The identification of spatial correlation structure of carbon respiration measured across the landscape is relatively new and only few studies with this focus are published in the literature. One of the objectives of this study is to contribute to a better understanding of spatial respiration behavior. It is known from the literature, that carbon respiration strongly depends on soil temperature. This result is based on measurements performed at the same location.

In our spatial sampling, the relationship between soil temperature and carbon respiration was not well manifested, probably due to changing microbial conditions from one location to the next. From the transect investigations however, overall there seems to be an inhibition of respiration with temperature above 28° C, and on the contrary a positive influence of soil temperature on microbial respiration in the range below that temperature. Further specifications of these kinetic relationships will be based on site-specific measurements over daily temperature waves.

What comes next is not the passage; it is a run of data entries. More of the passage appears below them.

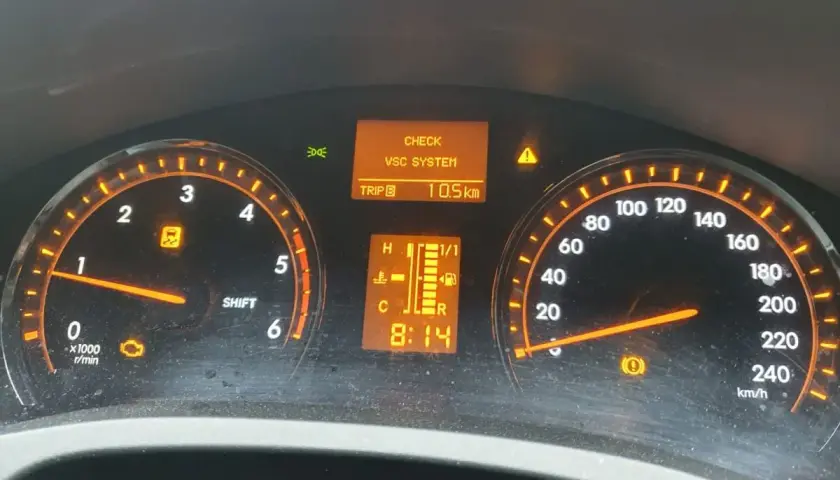 Kontrolki na desce rozdzielczej Toyota T27: CHECK VSC SYSTEM, kontrolka silnika, kontrolka ESP i hamulca. Przebieg 10.5 km.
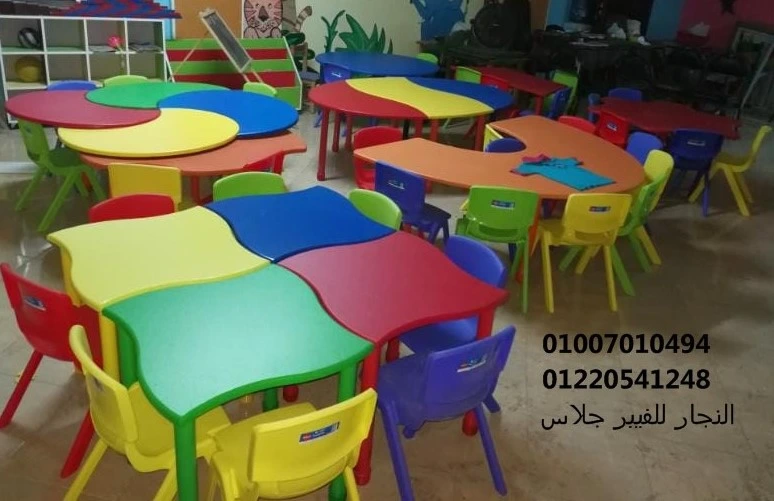 فصل دراسي ملون يضم طاولات وكراسي فيبر جلاس متداخلة بألوان مبهجة (أحمر، أصفر، أخضر، أزرق)، مصممة بجودة عالية لتوفير بيئة تعليمية مريحة وعصرية للحضانات والمدارس.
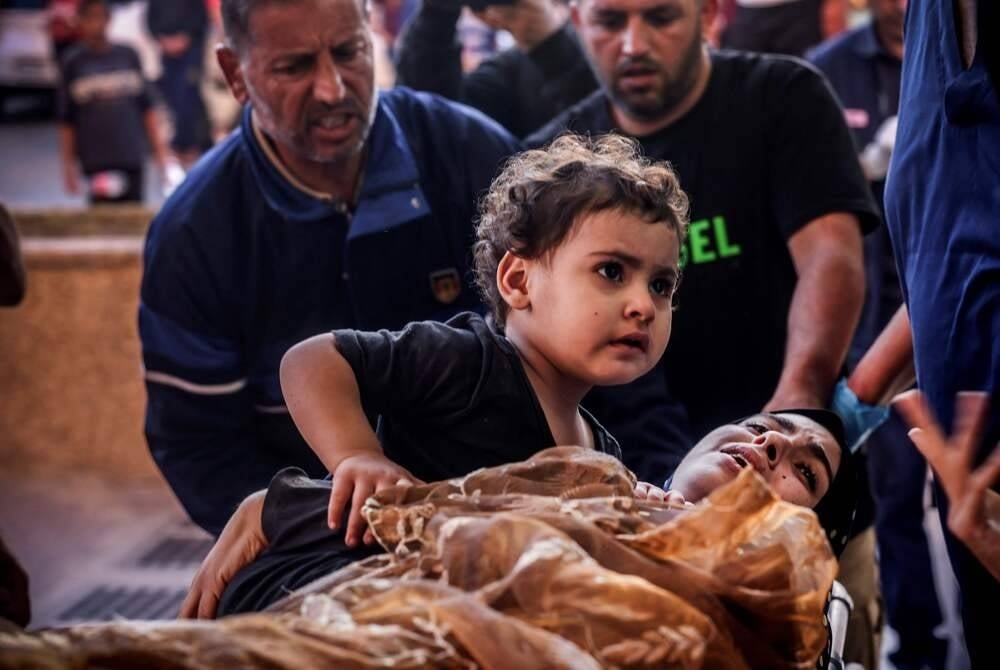 A wounded Palestinian woman and her child are wheeled into the Nasser hospital following Israeli bombardment, in Khan Yunis, in the southern Gaza Strip on Oct 26. (Photo by MOHAMMED ABED / AFP)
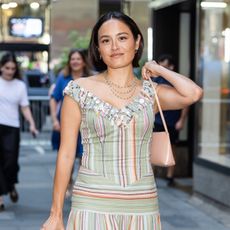 Chase Sui Wonders wearing a colorful striped dress, a pink bag, and silver heels in NYC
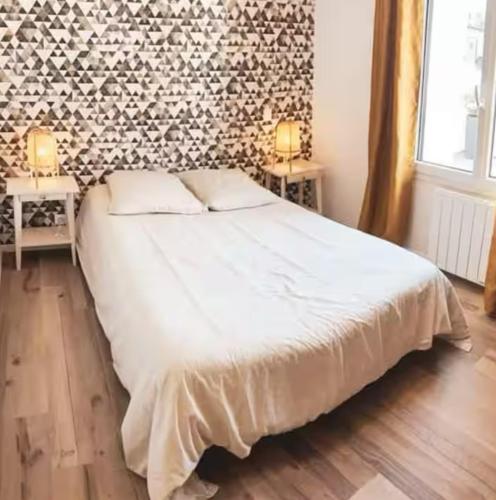 - une chambre avec un lit et 2 tables avec des lampes dans l'établissement Appartement avec grande terrasse, à Pont-de-Buis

Moreover, first investigations of the dynamics of spatial behavior are encouraging. Whether co-regionalized soil water capacitance probe measurements contribute to a better understanding of the temperature-respiration relationship will be investigated in the near future.

Furthermore, the investigations will now be expanded to both the pasture and the crop land use system. These first results indicate that the choice of the specific nested sampling design is a promising approach to a better understanding of respiration dynamics across the landscape. The INNOVA gas analyzing system (Laboratory Dr. McCulley) is very helpful in this study for accomplishing a large number of field scale measurements within a relatively short time.